> **EXERCISE REQUIREMENTS**
Reproduce all the data, character for character.
:: THE INPUT ::
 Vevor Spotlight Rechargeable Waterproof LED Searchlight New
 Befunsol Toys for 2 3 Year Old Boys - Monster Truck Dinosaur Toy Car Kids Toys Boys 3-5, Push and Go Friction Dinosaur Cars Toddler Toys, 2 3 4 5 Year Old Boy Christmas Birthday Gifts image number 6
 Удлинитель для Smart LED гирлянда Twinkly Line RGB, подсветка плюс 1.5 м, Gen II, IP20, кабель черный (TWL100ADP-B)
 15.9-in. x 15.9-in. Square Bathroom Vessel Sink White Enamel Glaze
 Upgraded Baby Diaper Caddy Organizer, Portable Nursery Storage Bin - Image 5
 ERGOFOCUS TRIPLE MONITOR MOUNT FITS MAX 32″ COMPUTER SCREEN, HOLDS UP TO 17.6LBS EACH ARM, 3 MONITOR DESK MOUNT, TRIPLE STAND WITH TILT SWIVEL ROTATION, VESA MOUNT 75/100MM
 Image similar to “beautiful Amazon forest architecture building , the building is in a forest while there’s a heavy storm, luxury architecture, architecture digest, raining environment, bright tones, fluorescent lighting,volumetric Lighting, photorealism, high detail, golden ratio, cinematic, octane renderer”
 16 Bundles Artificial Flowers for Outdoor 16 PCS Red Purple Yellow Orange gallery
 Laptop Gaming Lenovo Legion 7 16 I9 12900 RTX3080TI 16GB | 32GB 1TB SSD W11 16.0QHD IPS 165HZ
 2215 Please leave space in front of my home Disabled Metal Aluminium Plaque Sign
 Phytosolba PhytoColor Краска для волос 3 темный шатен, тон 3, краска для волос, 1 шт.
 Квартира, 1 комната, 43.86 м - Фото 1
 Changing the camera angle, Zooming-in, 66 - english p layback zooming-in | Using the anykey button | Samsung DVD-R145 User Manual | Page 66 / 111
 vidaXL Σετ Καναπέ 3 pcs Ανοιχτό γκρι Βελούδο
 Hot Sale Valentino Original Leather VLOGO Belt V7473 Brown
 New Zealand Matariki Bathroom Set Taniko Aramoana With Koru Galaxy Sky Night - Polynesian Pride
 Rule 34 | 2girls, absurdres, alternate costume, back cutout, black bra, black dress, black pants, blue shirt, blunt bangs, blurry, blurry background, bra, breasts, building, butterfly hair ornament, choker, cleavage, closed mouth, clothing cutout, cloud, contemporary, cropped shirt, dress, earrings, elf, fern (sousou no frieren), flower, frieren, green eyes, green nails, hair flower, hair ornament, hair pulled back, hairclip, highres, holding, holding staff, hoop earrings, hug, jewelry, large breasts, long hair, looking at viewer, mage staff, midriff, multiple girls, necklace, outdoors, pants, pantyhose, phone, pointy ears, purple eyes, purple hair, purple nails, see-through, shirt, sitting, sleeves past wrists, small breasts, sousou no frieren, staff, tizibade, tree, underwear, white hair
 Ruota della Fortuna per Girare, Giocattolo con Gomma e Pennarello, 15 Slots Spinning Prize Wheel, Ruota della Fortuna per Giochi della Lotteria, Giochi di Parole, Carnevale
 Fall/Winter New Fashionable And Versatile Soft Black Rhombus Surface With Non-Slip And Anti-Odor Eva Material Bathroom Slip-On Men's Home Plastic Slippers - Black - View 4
:::
> **RESULT**
 Vevor Spotlight Rechargeable Waterproof LED Searchlight New
 Befunsol Toys for 2 3 Year Old Boys - Monster Truck Dinosaur Toy Car Kids Toys Boys 3-5, Push and Go Friction Dinosaur Cars Toddler Toys, 2 3 4 5 Year Old Boy Christmas Birthday Gifts image number 6
 Удлинитель для Smart LED гирлянда Twinkly Line RGB, подсветка плюс 1.5 м, Gen II, IP20, кабель черный (TWL100ADP-B)
 15.9-in. x 15.9-in. Square Bathroom Vessel Sink White Enamel Glaze
 Upgraded Baby Diaper Caddy Organizer, Portable Nursery Storage Bin - Image 5
 ERGOFOCUS TRIPLE MONITOR MOUNT FITS MAX 32″ COMPUTER SCREEN, HOLDS UP TO 17.6LBS EACH ARM, 3 MONITOR DESK MOUNT, TRIPLE STAND WITH TILT SWIVEL ROTATION, VESA MOUNT 75/100MM
 Image similar to “beautiful Amazon forest architecture building , the building is in a forest while there’s a heavy storm, luxury architecture, architecture digest, raining environment, bright tones, fluorescent lighting,volumetric Lighting, photorealism, high detail, golden ratio, cinematic, octane renderer”
 16 Bundles Artificial Flowers for Outdoor 16 PCS Red Purple Yellow Orange gallery
 Laptop Gaming Lenovo Legion 7 16 I9 12900 RTX3080TI 16GB | 32GB 1TB SSD W11 16.0QHD IPS 165HZ
 2215 Please leave space in front of my home Disabled Metal Aluminium Plaque Sign
 Phytosolba PhytoColor Краска для волос 3 темный шатен, тон 3, краска для волос, 1 шт.
 Квартира, 1 комната, 43.86 м - Фото 1
 Changing the camera angle, Zooming-in, 66 - english p layback zooming-in | Using the anykey button | Samsung DVD-R145 User Manual | Page 66 / 111
 vidaXL Σετ Καναπέ 3 pcs Ανοιχτό γκρι Βελούδο
 Hot Sale Valentino Original Leather VLOGO Belt V7473 Brown
 New Zealand Matariki Bathroom Set Taniko Aramoana With Koru Galaxy Sky Night - Polynesian Pride
 Rule 34 | 2girls, absurdres, alternate costume, back cutout, black bra, black dress, black pants, blue shirt, blunt bangs, blurry, blurry background, bra, breasts, building, butterfly hair ornament, choker, cleavage, closed mouth, clothing cutout, cloud, contemporary, cropped shirt, dress, earrings, elf, fern (sousou no frieren), flower, frieren, green eyes, green nails, hair flower, hair ornament, hair pulled back, hairclip, highres, holding, holding staff, hoop earrings, hug, jewelry, large breasts, long hair, looking at viewer, mage staff, midriff, multiple girls, necklace, outdoors, pants, pantyhose, phone, pointy ears, purple eyes, purple hair, purple nails, see-through, shirt, sitting, sleeves past wrists, small breasts, sousou no frieren, staff, tizibade, tree, underwear, white hair
 Ruota della Fortuna per Girare, Giocattolo con Gomma e Pennarello, 15 Slots Spinning Prize Wheel, Ruota della Fortuna per Giochi della Lotteria, Giochi di Parole, Carnevale
 Fall/Winter New Fashionable And Versatile Soft Black Rhombus Surface With Non-Slip And Anti-Odor Eva Material Bathroom Slip-On Men's Home Plastic Slippers - Black - View 4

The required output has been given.